## Information supplied:
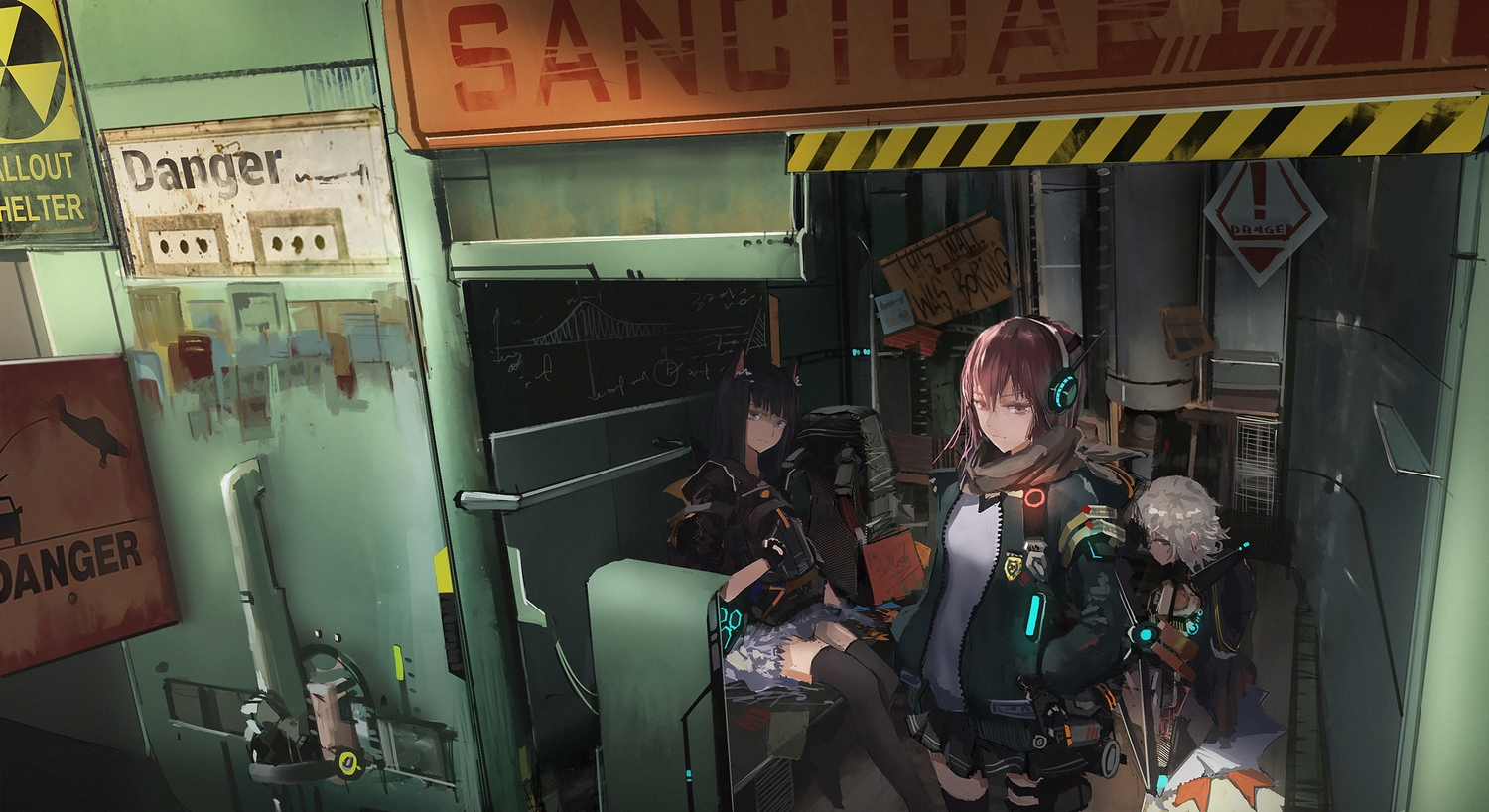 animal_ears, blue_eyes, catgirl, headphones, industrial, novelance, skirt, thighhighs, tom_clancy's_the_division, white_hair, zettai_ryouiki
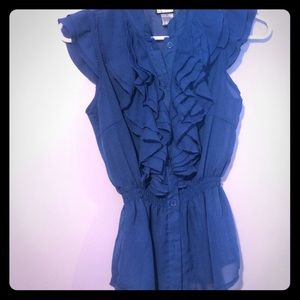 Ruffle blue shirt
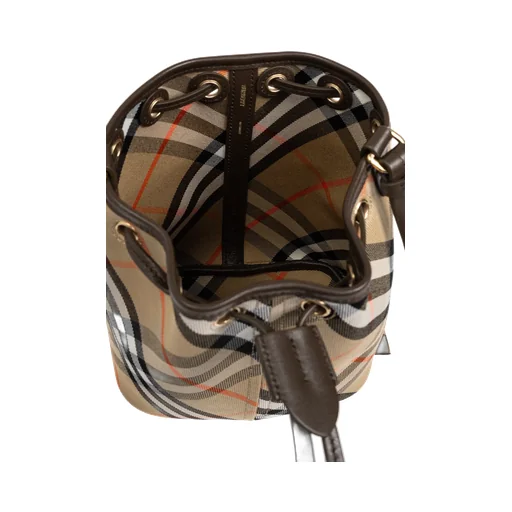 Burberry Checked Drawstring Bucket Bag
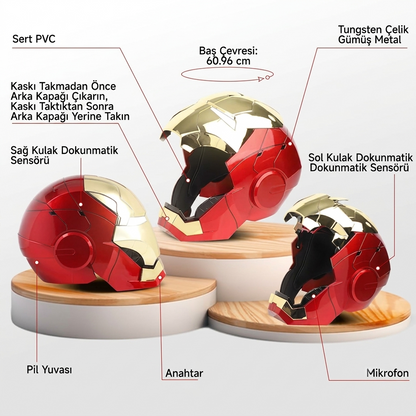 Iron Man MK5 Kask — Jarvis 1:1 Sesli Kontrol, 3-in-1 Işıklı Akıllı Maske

## Exercise details:
Every line of the material must be returned verbatim, and pictures must be left behind.

## Written solution:
 animal_ears, blue_eyes, catgirl, headphones, industrial, novelance, skirt, thighhighs, tom_clancy's_the_division, white_hair, zettai_ryouiki
 Ruffle blue shirt
 Burberry Checked Drawstring Bucket Bag
 Iron Man MK5 Kask — Jarvis 1:1 Sesli Kontrol, 3-in-1 Işıklı Akıllı Maske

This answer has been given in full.